No hay ocasión en los evangelios donde no aparezca una referencia con relación a la necesidad de perdonar a los que nos han ofendido. Jesús nos dice que para entrar en el Reino de los Cielos se debe superar la justicia de los doctores de la ley y de los fariseos. En la parábola del rey, si el empleado hubiera sido sentenciado, habría sido vendido como esclavo, junto a su mujer e hijos. Este rey podría haber sido más implacable. Sin embargo, tuvo compasión y le perdonó la deuda.
La pregunta de Pedro manifiesta un perdón “cuantificado” hasta solo “siete” veces, es decir, hay una buena voluntad que supera la justicia de los hombres, pero no la de Dios. Jesús nos indica que el perdón no es cuestión de cantidad sino de cualidad. Si no es total y continuo, no es perdón. La deuda que reclama el servidor perdonado a su compañero es irrisoria, no tuvo compasión y lo condenó a la cárcel sin posibilidad alguna de reivindicarse.

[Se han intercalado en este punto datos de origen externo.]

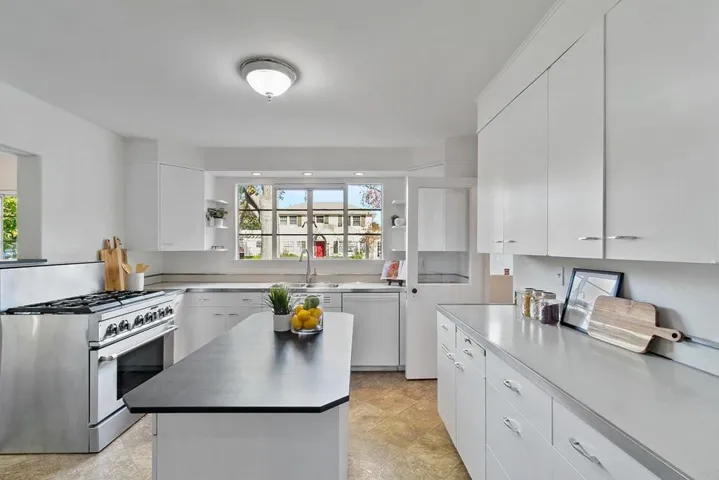 780 Hamilton Avenue, Palo Alto, California 94301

¿De qué manera condenamos las ofensas recibidas? Nuestro orgullo y amor propio se sobreponen a la capacidad de perdonar. Impedimos que los demás sean libres y los confinamos a la cárcel de la indiferencia. Preferimos ahondar en la ofensa o el daño que hemos sufrido por parte de nuestro prójimo y nos olvidamos de que Dios sabrá dar a cada uno según la medida de sus sentimientos e intenciones.

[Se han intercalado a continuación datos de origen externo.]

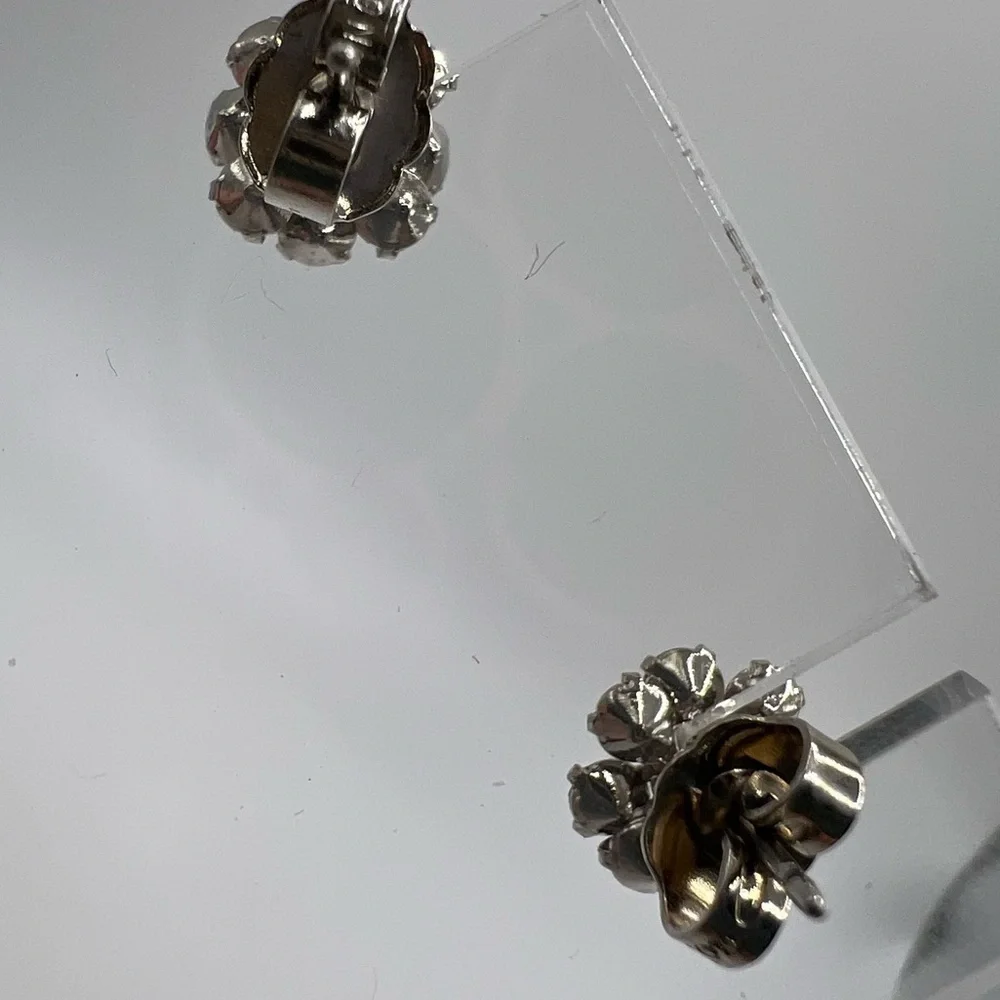 Vintage Avon Flower Earrings - Silver Toned with Crystals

En el Padrenuestro decimos: “Como nosotros perdonamos a los que nos ofenden”. Al pedir a Dios esto, tal vez él podría haber considerado esta condición: “que nos perdone solo en la medida en que ya hayamos perdonado a los que nos han ofendido”. No estaría mal pensar que nuestro “deber” de perdonar es tan vinculante y esencial, que Jesús pudo habernos enseñado a rezar así: “No nos perdones si no hemos perdonado nosotros”. Pero, no: “… hasta setenta veces siete”, es decir, “siempre”.
“Jesús le respondió: No te digo hasta siete veces, sino hasta setenta veces siete”, Mt 18, 22.